I started by digging.

But I soon discovered that it was hopeless to think of digging the most part of two acres.
Then somehow, I do not know how, I discovered Ruth Stout. We had no internet, no Amazon, the local library was great but not so much for gardening. I used to trawl secondhand bookshops looking for affordable garden books and I must have found her book somewhere. She changed my life and made Veddw possible.
She was a gardening pioneer who wrote the book “How to have a green thumb without an aching back: A new method of mulch gardening” which proposed deep mulching with straw, hay, or other organic materials to eliminate the need for digging, weeding, and watering. That copy, published in 1974, is on Amazon at £174.60. I really must have a look around and see if I did get a copy.
In a new garden such mulch is not readily to hand, but, greatly cheered and full of hope, I began by using the grass cuttings.

And there they are, on the right. No more digging!
But – yes, how were we going to mow two acres? It was mostly lovely prospective mulch – ie lots of grass, but it needed cutting. (Oh, yes, one problem follows another when you’re making a garden.) And now I know how valuable ancient grassland is, which this was, I possibly shouldn’t have made the garden at all. (see Monmouthshire Meadows). I’m happy to say we have kept some as meadow. Another story for another day.
We needed machines. (yep, the money we did have was vanishing like water down a plughole). I got a little hayterette

Charles got a second hand (third hand?) Allen Scythe.

Here he is, apparently using it.

Then it all had to be raked up.

Charles
The Allen scythe, which was a slightly more modern machine than the one on that brochure, was anything but “light work”. It was an absolute beast. It had an 8 HP engine with a recoil start and used to shake like crazy. Yes, it drove the wheels, but turning it required a huge effort. My arms ached every time I used it. We needed it until we had less grass and we upgraded to a ride-on mower (though a totally inadequate one at first. Another story) However, we did discover an alternative mulch – sawdust from the local paper factory. I used to go and get huge trailer loads. And then we discovered carpet, but that’s probably another story.
Anne, continuing
Don’t take that as a recommendation of sawdust as a mulch. Gardeners are often told that wood chips used as a mulch rob the soil of nitrogen. I’ve never found that to be the case and ultimately we have used enormous quantities of wood chip and bark for mulching. If you want to know more, try here. But sawdust did leave plants looking short of nitrogen.
There will no doubt be more about mulching, but before we could really get going on making the Front Garden we had another problem to deal with.
Our predecessors had made a pond in front of the house.

The pond was now full of muck, and sometimes smelly water, and an ominous Stag’s Horn Sumach was lurking alongside.

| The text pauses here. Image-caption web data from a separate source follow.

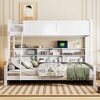Twin XL Over Queen Bunk Bed with Storage Cabinets and USB Ports - 3 of 4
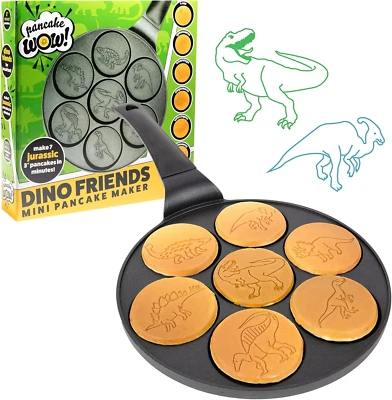 Dino Mini Pancake Pan- Make 7 Unique Flapjack Dinosaurs for Kids, Nonstick Pan C - Image 1 of 4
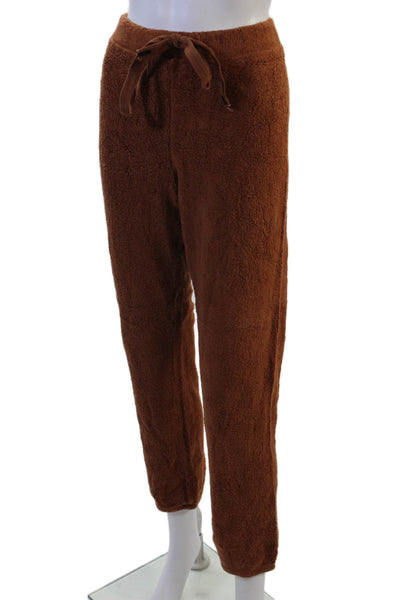 Stateside Womens Ankle Sweatpants Brown Drawstring Cotton Modal Size L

The pond was made of white plastic, which had hardened and cracked, and underneath was a large layer of concrete.
It needed to go but I had no idea how we could possibly get rid of it. Or that tree, which has a reputation for suckering all over the place. And though I had no plants to speak of, I didn’t need a forest of sumach.
But, amazingly, a friend arrived to see our new home, bringing two tough and enthusiastic children along. And between us and a sledge hammer we smashed it up and wheelbarrowed it away. Including the tree. Where all that stuff went I have now no idea, and I hope I don’t encounter it one day unexpectedly.